How could I return home and resume my life when there is so much work to be done and perhaps I could do some of it?
So, after talking about it for a year while traveling, Craig and I have decided to make a jump…again.
This time, I’m moving to Amman, Jordan.
This past Sunday, I arrived to Amman where I will be working with a NGO focused on helping both Syrian refugees who have been forced to leave their homes due to conflict, as well as poor and vulnerable Jordanians who are in need of assistance too.
After a year of travel, it was hard to believe that an opportunity such as this one presented itself. I will be working daily on a cause that I’m passionate about, living in a country that I love, figuring out what being an “expat” is all about, and learning more about relief and development along the way. While it wasn’t an easy decision to go, I know that it is the right one.
After struggling where I should be, what I should be doing, what I’m called to do, and everything in between, I know that returning to the U.S. is not an option now. I can’t not respond to needs I’ve seen. I can’t not respond to the suffering I’ve found.
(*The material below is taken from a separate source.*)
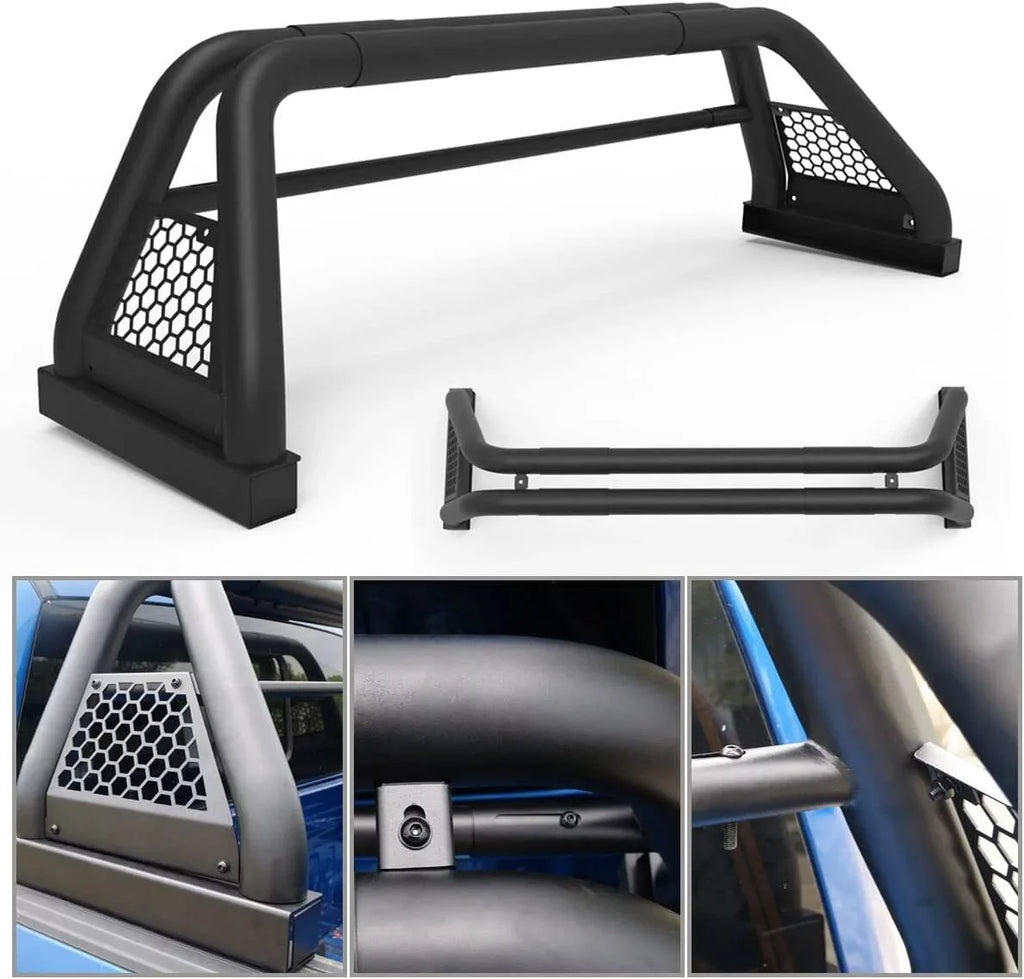Bar For Sport silverado/GMC 2019-2023 sierra Rack Truck Bar 62.9-74.7" Bed Chase Fit 1999-2013 and Chevy Adjustable Roll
I can’t not do something when I (think and hope!) that I have the ability to make a difference — to manage projects that fill gaps in humanitarian assistance, advocate for the marginalized, empower the powerless, and be a voice for those who have been unable to speak for themselves and share their struggles. How could I not go?
Some of the most meaningful time I spent while in the U.S. earlier this month was with my family. Just hanging out as my impending departure approached. One of the most meaningful things anyone said to me was said by my grandmother. She doesn’t talk as much as she used to as she continues to recover from her stroke, but she’s a strong 92-year old! As I said goodbye to her before I left, she told me something that I’ll never forget. “I’ll miss you,” she said. “But, I know that you have to go.”
So, go I will. To be with the poor, with those who mourn, with those who hunger and thirst for righteousness, with those who are persecuted, with those who have lost hope. These people are not alone. Their hope cannot be lost forever. While the challenge sometimes seems insurmountable, I have hope that my work will make a difference…even if it’s just a small one…in the needs of those who have lost so much fleeing from Syria into Jordan.